Records excerpted from a collection
____________

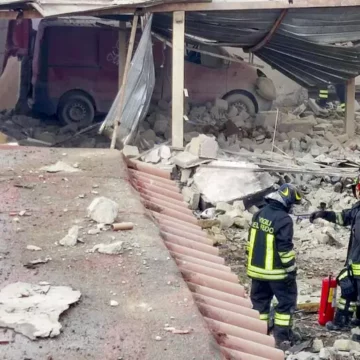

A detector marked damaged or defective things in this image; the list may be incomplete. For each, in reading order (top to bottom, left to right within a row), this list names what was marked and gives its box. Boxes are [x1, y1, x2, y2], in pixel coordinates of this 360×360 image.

broken concrete slab [87, 197, 119, 225]
broken concrete slab [59, 225, 80, 248]
broken concrete slab [0, 282, 81, 338]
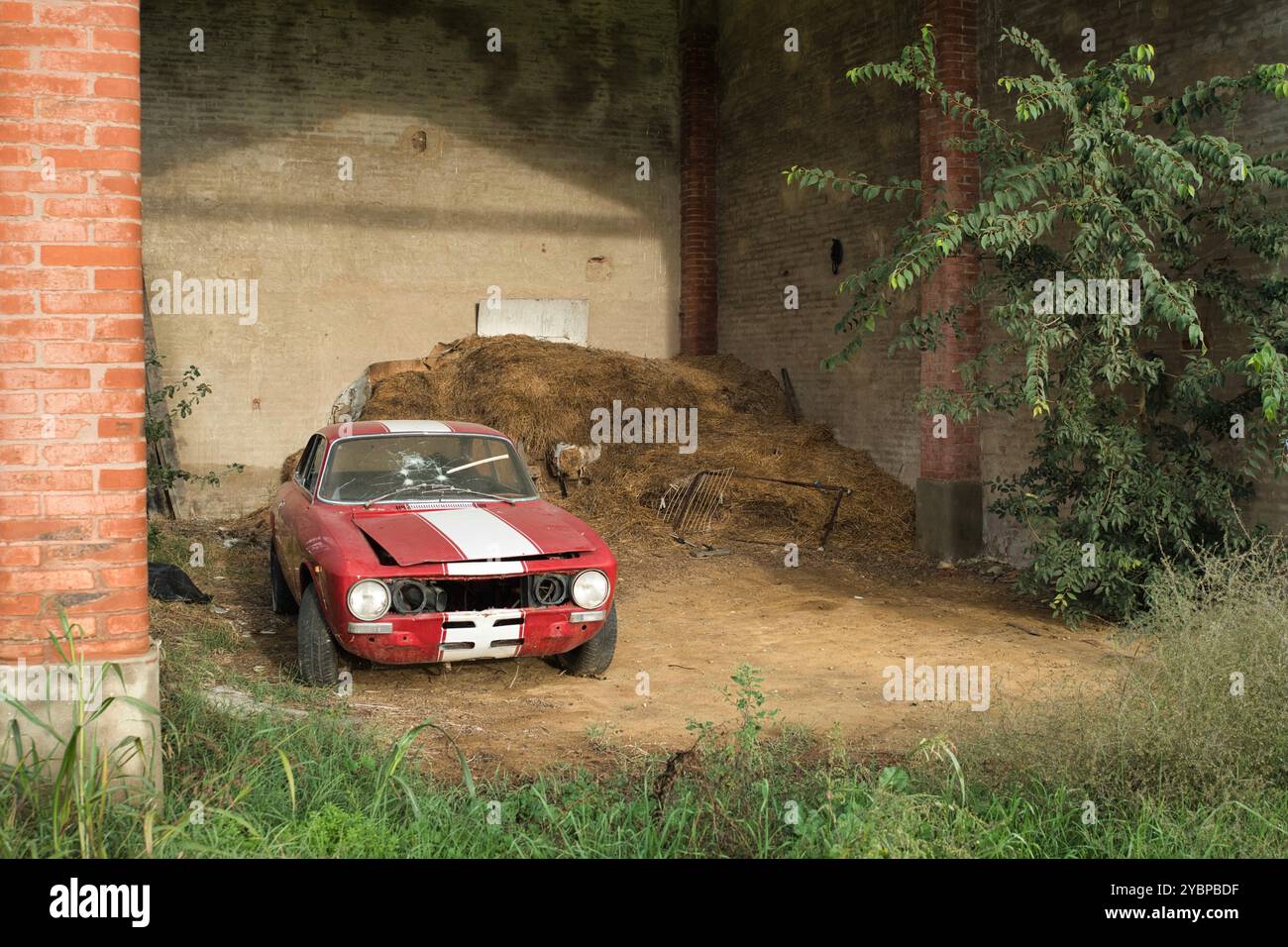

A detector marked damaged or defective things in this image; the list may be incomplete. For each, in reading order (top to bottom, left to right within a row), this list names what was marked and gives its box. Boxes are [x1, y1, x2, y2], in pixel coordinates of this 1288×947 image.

cracked windshield [318, 433, 538, 504]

____________

- [HOW TO COMPLETE THIS TASK]
What is wanted is a verbatim transcription of every record above, pictures excluded.

- [TASK RESPONSE]
A detector marked damaged or defective things in this image; the list may be incomplete. For each, in reading order (top to bottom, left to right within a row), this list names what was marked and gives its box. Boxes are [x1, y1, x2, y2], in pixel coordinates of this 360×360 image.

broken concrete slab [87, 197, 119, 225]
broken concrete slab [59, 225, 80, 248]
broken concrete slab [0, 282, 81, 338]

A detector marked damaged or defective things in this image; the list may be incomplete. For each, in reading order (top to bottom, left to right within a row), this list names what was marked and gives its box. Boxes are [x1, y1, x2, y2], in pixel coordinates of this 1288×947 image.

cracked windshield [318, 433, 538, 504]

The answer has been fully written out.